What are the Risk Factors for Orthorexia Nervosa?

What begins as exuberant interest in healthy food eventually turns into an eating disorder in susceptible individuals. Individuals who present with the following are at higher risk for ON. 

  • Adoption of a highly restrictive dietary theory
  • Parents assign extreme importance to food
  • Childhood illness involving diet and/or digestive issues
  • Medical problems that can’t be addressed by medical science
  • Traits such as OCD, perfectionism, and extremism
  • Fear of disease  (Bratman, 2016)

What are the Diagnostic Criteria for Orthorexia Nervosa?

ON has not been officially recognized as a disorder by the Diagnostic and Statistical Manual of Mental Disorders – V (DSM-V), so valid diagnostic criteria is controversial (Chaki et al., 2013).

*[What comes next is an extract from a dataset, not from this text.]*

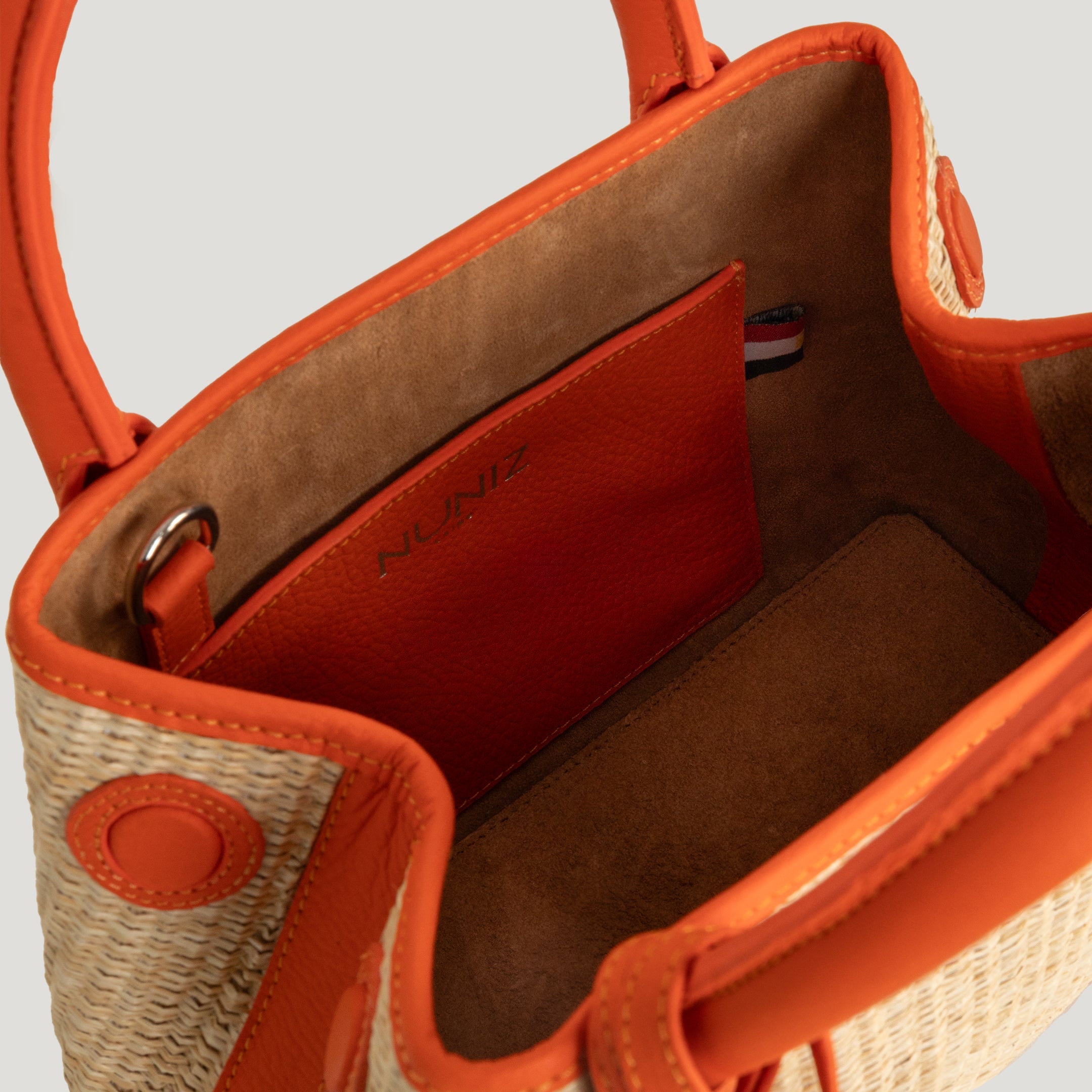 Downtown Half Day in Raffia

Aspects of ON overlap with anorexia nervosa and bulimia nervosa, such as food and eating preoccupation, restrictive eating, health-related consequences, and cognitive distortions (Brytek-Matera et al., 2015). However, there are significant similarities between ON and obsessive-compulsive disorder (OCD), such as obsessional anxiety that leads to ritualistic behaviors with meal planning and preparation. It has been shown that individuals with higher OCD tendencies have higher ON tendencies (Poyraz et al., 2015). Because ON does not involve low self-esteem, poor body image, preoccupation with weight loss, or the quantity of food consumed like other eating disorders, it is questioned if ON should be classified as OCD rather than an eating disorder (Brytek-Matera, 2012).

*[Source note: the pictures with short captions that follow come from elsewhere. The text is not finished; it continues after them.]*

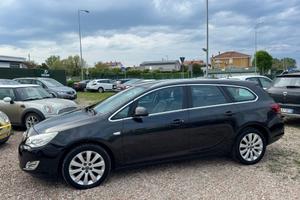 Opel Astra 1.4 Turbo 140CV GPL Gancio Traino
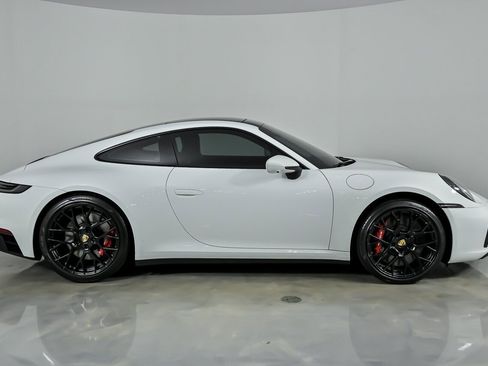 Used 2024 Porsche 911 Carrera GTS RWD image 14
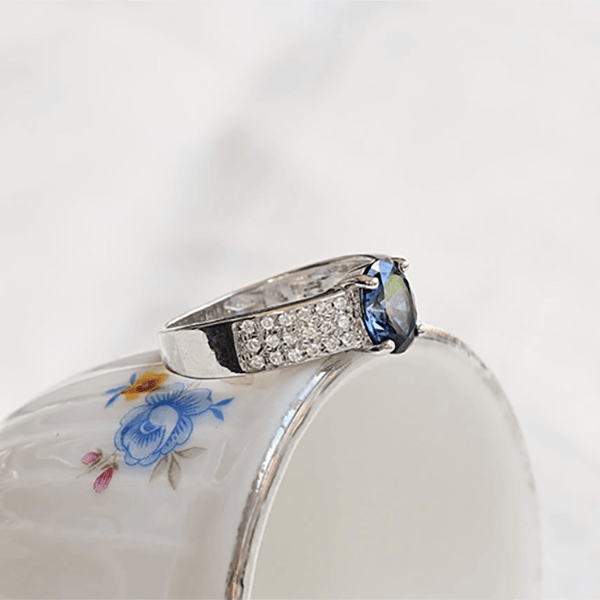 Luxury Jewelry Classic Pave Setting Oval Cut Blue Sapphire Engagement Rings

Dunn & Bratman (2015) have proposed the most recent diagnostic criteria for orthorexia nervosa:

Criterion A. Obsessive focus on “healthy” heating, as defined by a dietary theory or set of beliefs whose specific details may vary; marked by exaggerated emotional distress in relation to food choices perceived as unhealthy; weight loss may ensue as a result of dietary choices, but this is not the primary goal. As evidenced by the following:

  1. Compulsive behavior and/or mental preoccupation regarding affirmative and restrictive dietary practices believed by the individual to promote optimum health.
  2. Violation of self-imposed dietary rules causes exaggerated fear of disease, sense of personal impurity and/or negative physical sensations, accompanied by anxiety and shame.
  3. Dietary restrictions escalate over time, and may come to include elimination of entire food groups and involve progressively more frequent and/or severe “cleanses” (partial fasts) regarded as purifying or detoxifying. This escalation commonly leads to weight loss, but the desire to lose weight is absent, hidden or subordinated to ideation about healthy eating.

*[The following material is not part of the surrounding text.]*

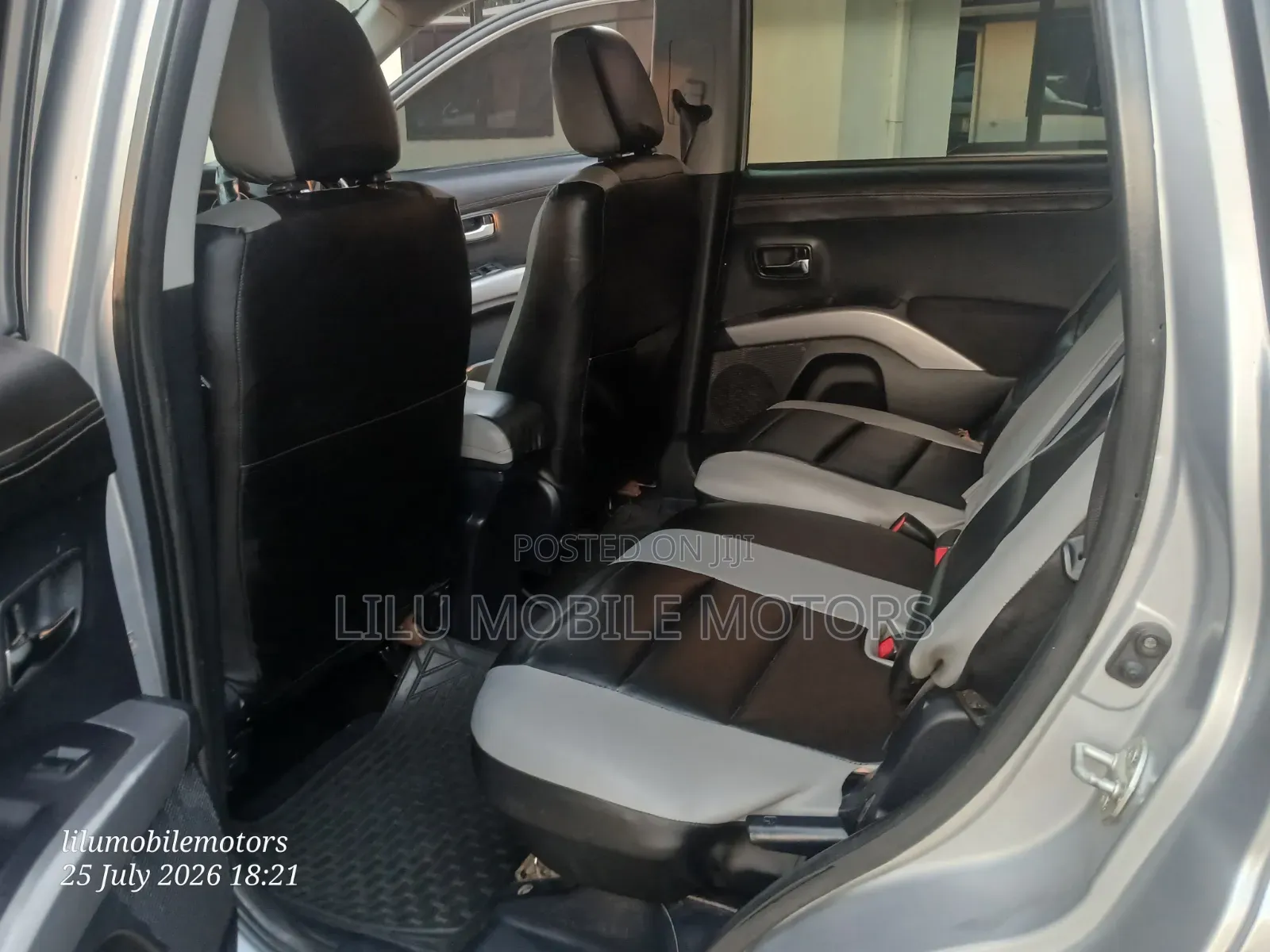 Mitsubishi Outlander 2011 Silver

Criterion B. The compulsive behavior and mental preoccupation become clinically impairing by any of the following:

  1. Malnutrition, severe weight loss or other medical complications from a restricted diet.
  2. Intrapersonal distress or impairment of social, academic, or vocational functioning secondary to beliefs or behaviors about healthy diet.
  3. Positive body image, self-worth, identity and/or satisfaction excessively dependent on compliance with self-defined “healthy” eating behavior.

What are the Treatment Options for Orthorexia Nervosa? 

Treatment options are similar to those offered for other eating disorders and addictive behaviors in general. This may include cognitive behavior therapy that teaches the person how to replace obsessive thoughts with healthier alternatives, and/or gradual-exposure therapy reintroducing “forbidden” foods one by one. Treatment involves a multi-disciplinary treatment team of professionals that may include a physician, therapist, and dietitian (Haupt, 2011).

Ask Yourself...

What is your definition of “health" and "healthy eating," and where does your definition derive from? 

How do you think society and the media has shaped your idea of what foods or eating patterns are considered “healthy?”

Is society’s focus on “clean eating,” “detoxing,” and “natural foods” problematic? Why or why not?